“家庭料理”に想うこと(斉藤美紀さん)コラム
vol.1
2007年8月15日
レシピの制作を手がけている斉藤美紀さんに、お話を聞きました。
私が料理に興味を持ったのは、母の作った料理と、父の作った料理で味の違うことを発見した時。この違いはまさに驚きで、私の原点になっているとも言えますね。
例えば小芋を煮たとすると、母は田舎の出身だったので、どちらかというと濃いめの味付けで、醤油の色の付いたものを作るのです。ところが父が作ると、京風薄味の、ほとんど色の付かない、まるで割烹で出てくるような小芋の煮物を作るのです。母は、毎日家族の健康を考え、日々の惣菜としての料理をしていますが、父は、どうせ食べるのなら美味しいものを食べてやろうと言う人なので、趣味の釣りや山登りを通じて、漁師さんや農家の方などから、魚のさばき方や美味しい料理法を色々と聞いてきたりします。また、食事に行った先で美味しいものを食べると、その作り方を聞いてきて家で試したりしていたりするんですよ。子どもの頃から両親がお互いに料理を作っていて、その味が違うのは普通だったので、私にとっての家庭の味は、決して母の味だけじゃないんです。つまり私の中には、お袋の味と親父の味が混在しているんですよ。
そこで「料理って作る人でこんなに違うものなんだ。じゃあ、きっと自分が作ると、また違ったものができるんだろうな」と、思いました。
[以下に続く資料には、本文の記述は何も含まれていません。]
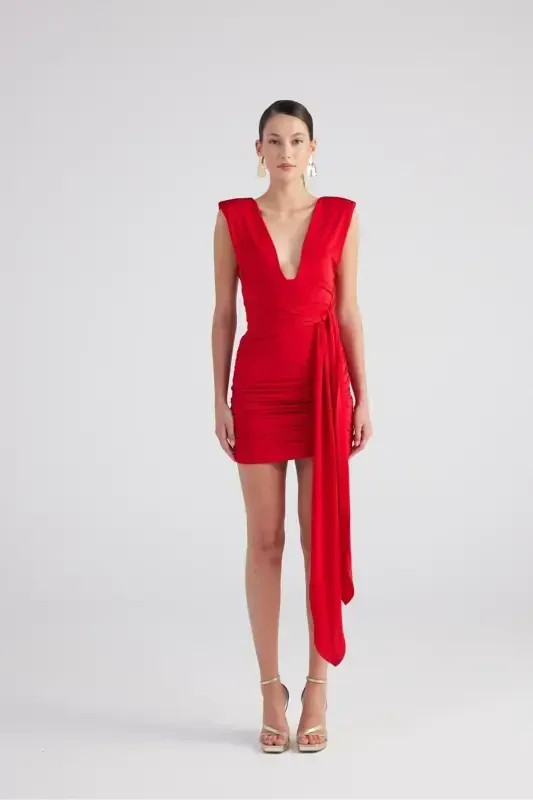 V-Neck Belted Ruched Mini Uma Dress Red-Red - 1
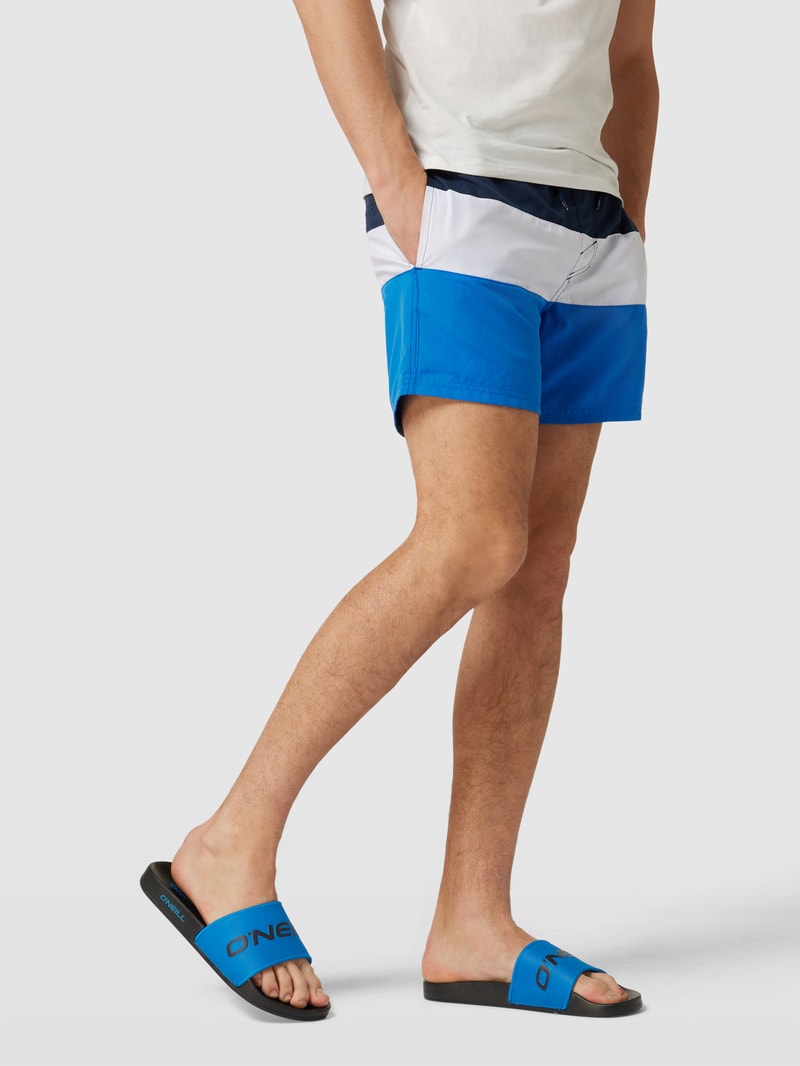 Slides mit Label-Applikation in royalblau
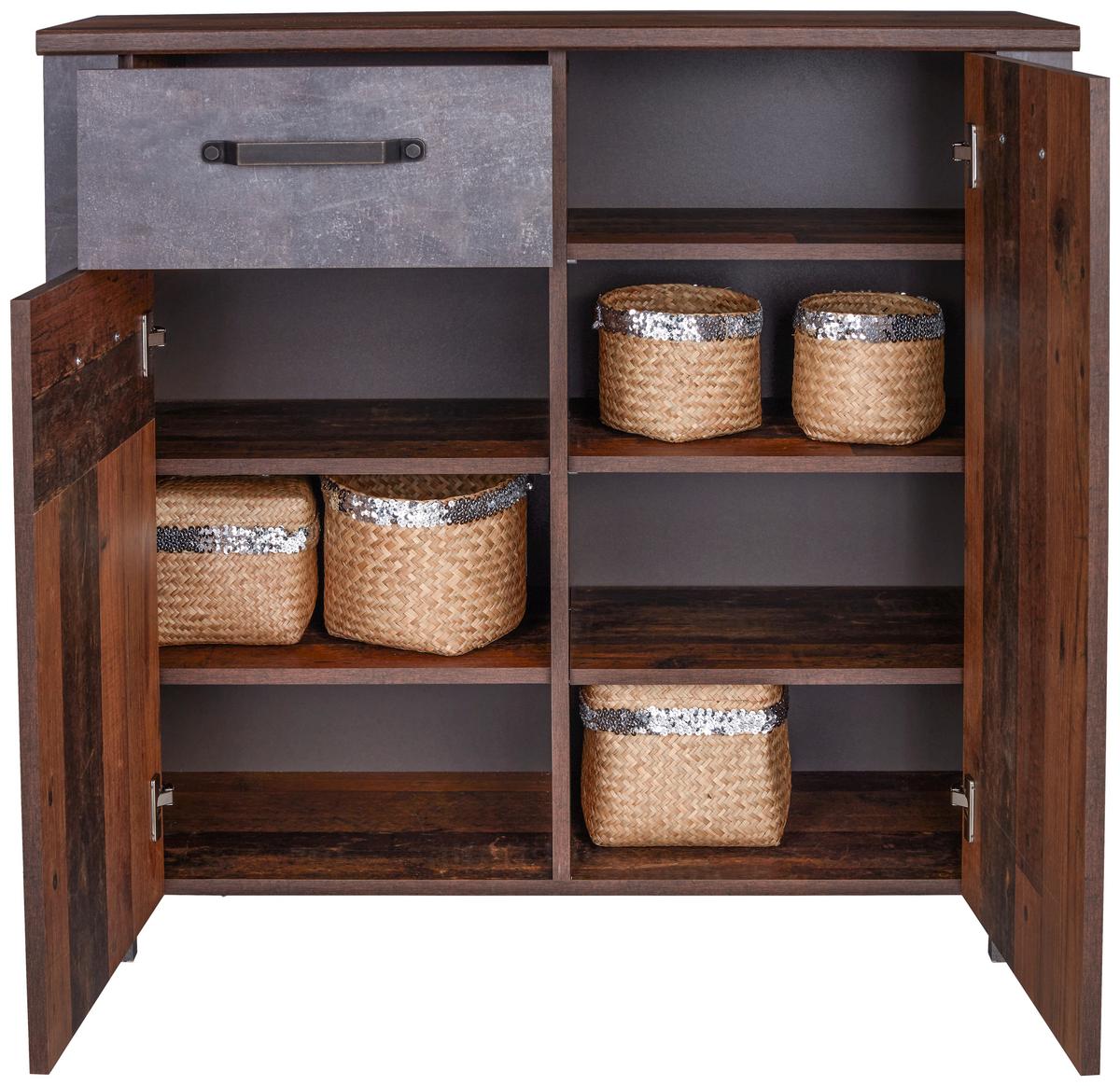 Comodă Ontario - culoare lemn stejar/gri, Trend, material pe bază de lemn (96/94/37cm) - Zandiara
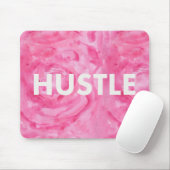 Hustle Roos Waterverf Moderne Typografie Mousepad Muismat (Met muis)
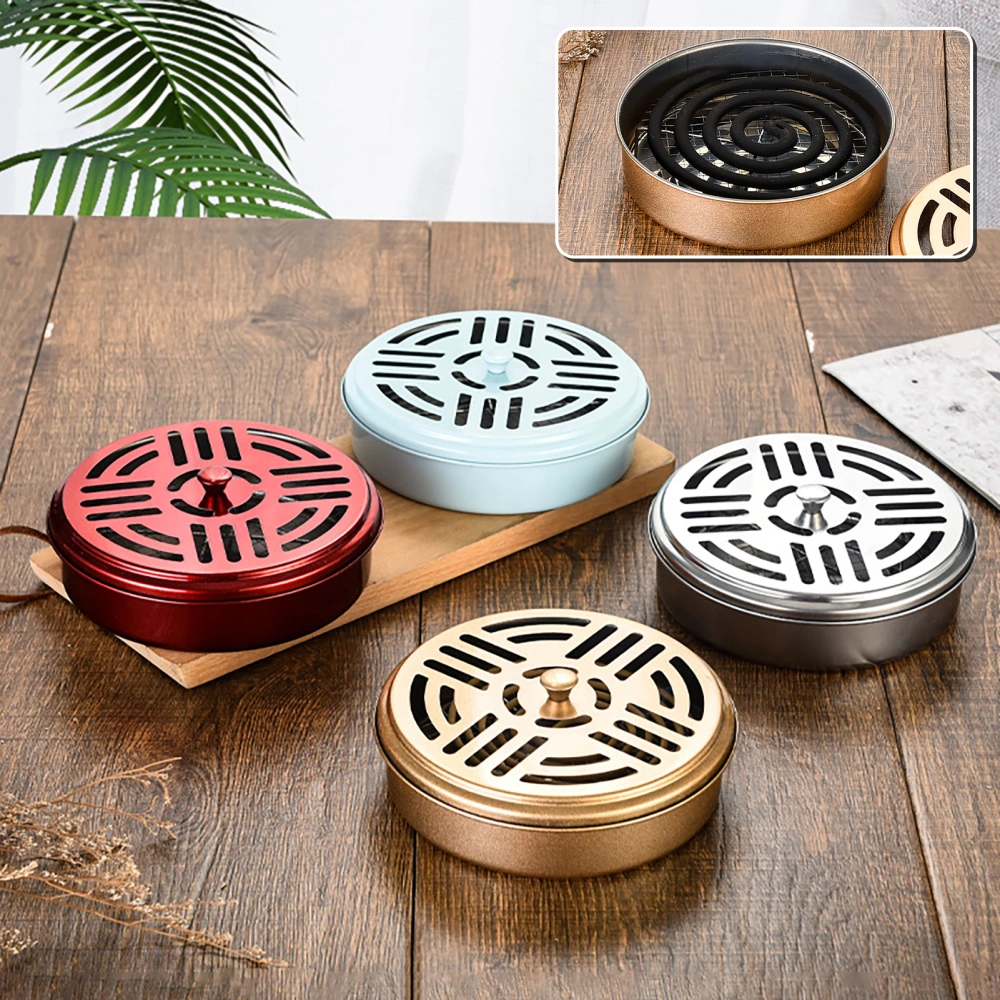 Mosquito Coil Disk Windproof Hollow Design Stable Stainless Steel Mosquito Repellent Box for Home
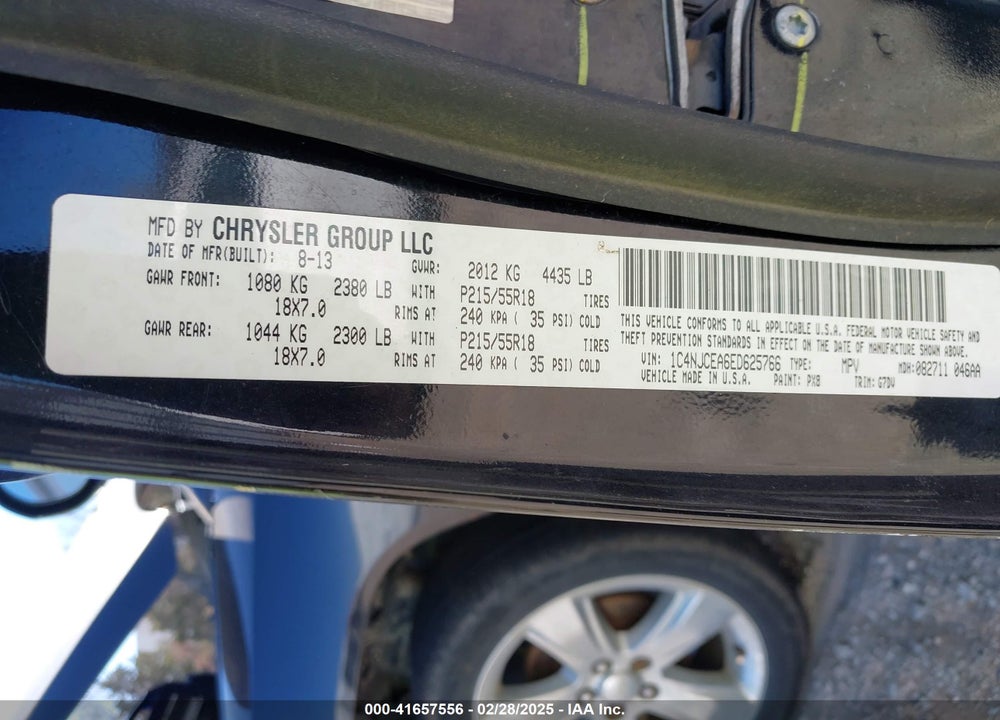 2014 JEEP COMPASS VIN: 1C4NJCEA6ED625766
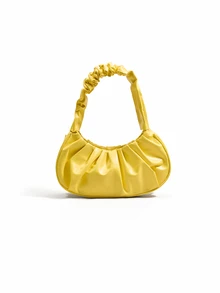 Trivaya Trendy fashion new cloud pleated solid color one-shoulder cross-body bag women's bag versatile solid color handbag women's bag - Kuning - View 3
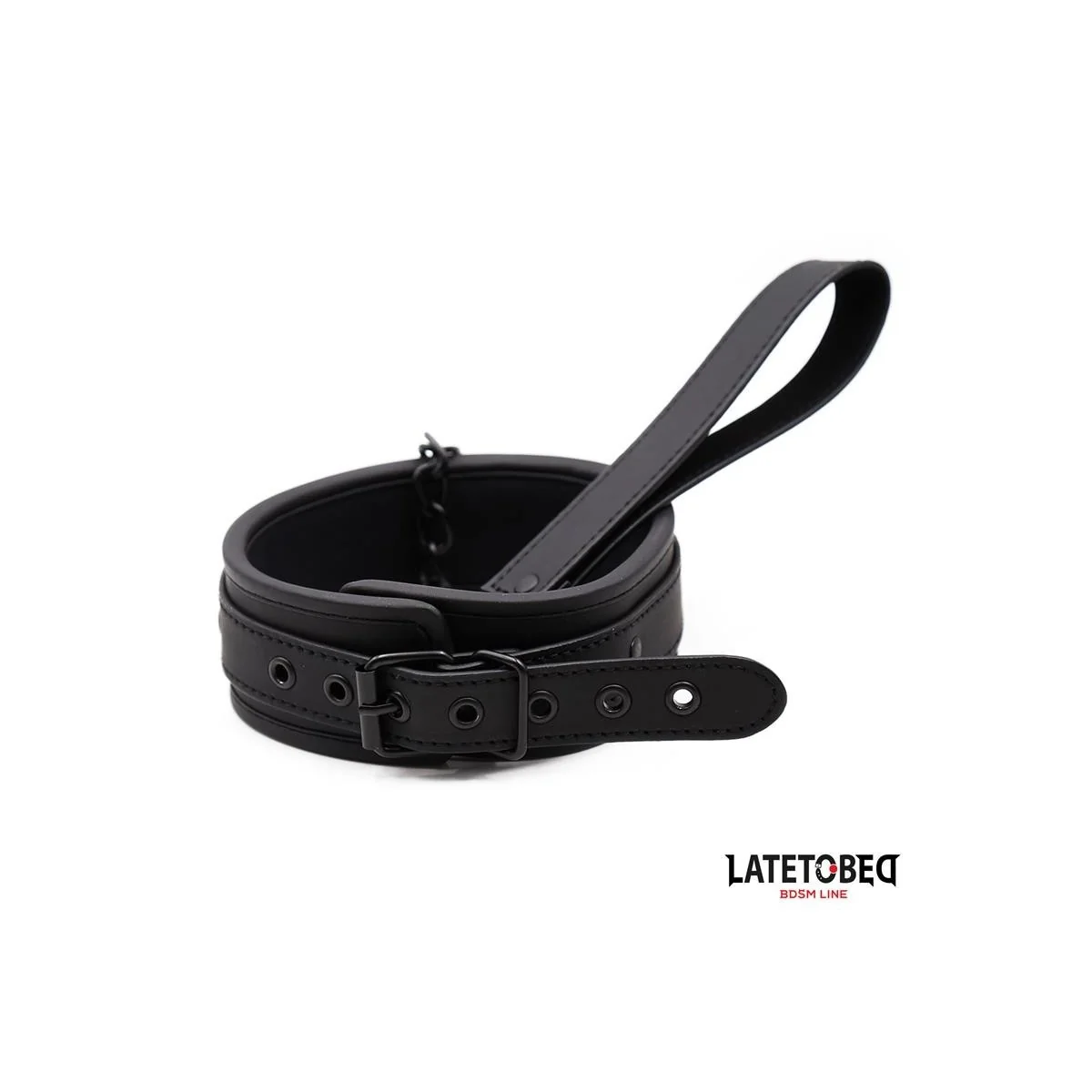 SET HALSBAND UND LEINE NEOPREN SCHWARZ VON LATETOBED BDSM LINE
ただ、料理に接するって言っても中学、高校での調理実習で作ったりする程度。そんな私に転機が訪れたのは就職して食べ歩きをし出してから。その頃ちょうど創作和食が流行っていて、色んな新しいものを食べたりしているうちに、これはもうちょっとこうした方がとか、美味しいものは家で再現してみたりとかするようになったんです。そして、たまたま目にした冷凍食品のレシピコンクールに入選したことで、ちょっと真剣に勉強してみようかなと思うきっかけになりました。
今年は、色々と食を取り巻く問題が顕在化していますが、社会全体のモラルの低下が引き起こしていることが多いと思います。消費者は食品の表示を信じるしかないので、生産者がコストだけに目を向けず、プライドを持って作って欲しいですね。また消費者の方も、正しい味覚を持てるようにしていく必要があると思います。そのあたりもふまえて、これからは、シンプルな味付けだけで素材の美味しさを引き出せるようなレシピを作っていけたらな〜と思っています。